#### DATA EXCERPT
- - - - -

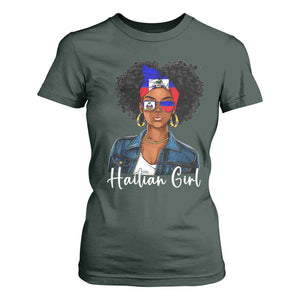 Proud Haitian Afro Girl in Denim Jacket Style Graphic T Shirt For Women Haiti Heritage Pride TS02 Dark Forest Green Print Your Wear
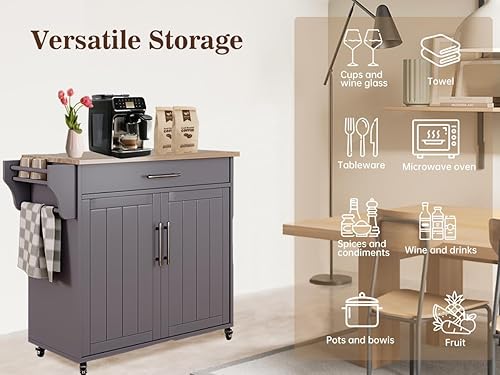 Miniatura 6 de Pingliang Home Isla de almacenamiento de cocina, isla rodante de madera sobre ruedas con encimera, carrito de isla de cocina móvil con toallero,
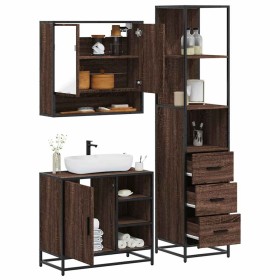 Set de muebles baño 3 pzas madera contrachapada roble marrón de , Muebles de baño - Ref: Foro24-3301179, Precio: 257,65 €, De...
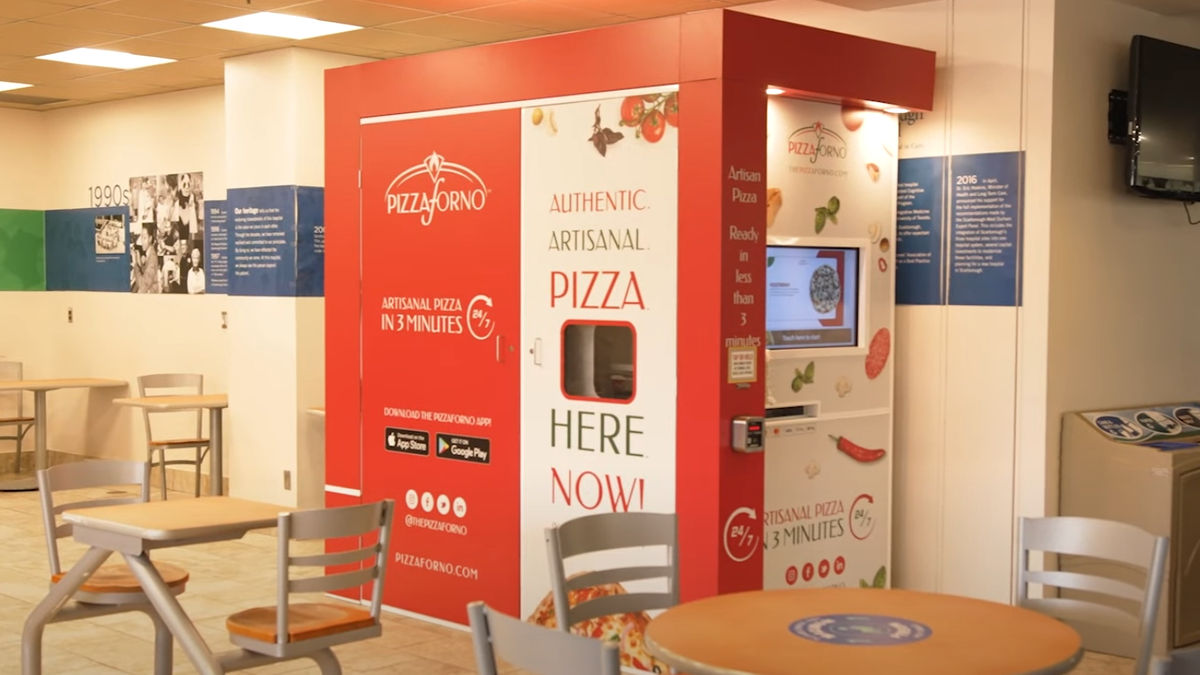 An image of an indoor pizza vending machine that is located in the Scarborough Health Network Building.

- - - - -

#### WHAT IS BEING ASKED
Locate the line containing "Miniatura 6 de" in the material above, then repeat it and every later line exactly, with no pictures.

#### FINISHED TASK
 Miniatura 6 de Pingliang Home Isla de almacenamiento de cocina, isla rodante de madera sobre ruedas con encimera, carrito de isla de cocina móvil con toallero,
 Set de muebles baño 3 pzas madera contrachapada roble marrón de , Muebles de baño - Ref: Foro24-3301179, Precio: 257,65 €, De...
 An image of an indoor pizza vending machine that is located in the Scarborough Health Network Building.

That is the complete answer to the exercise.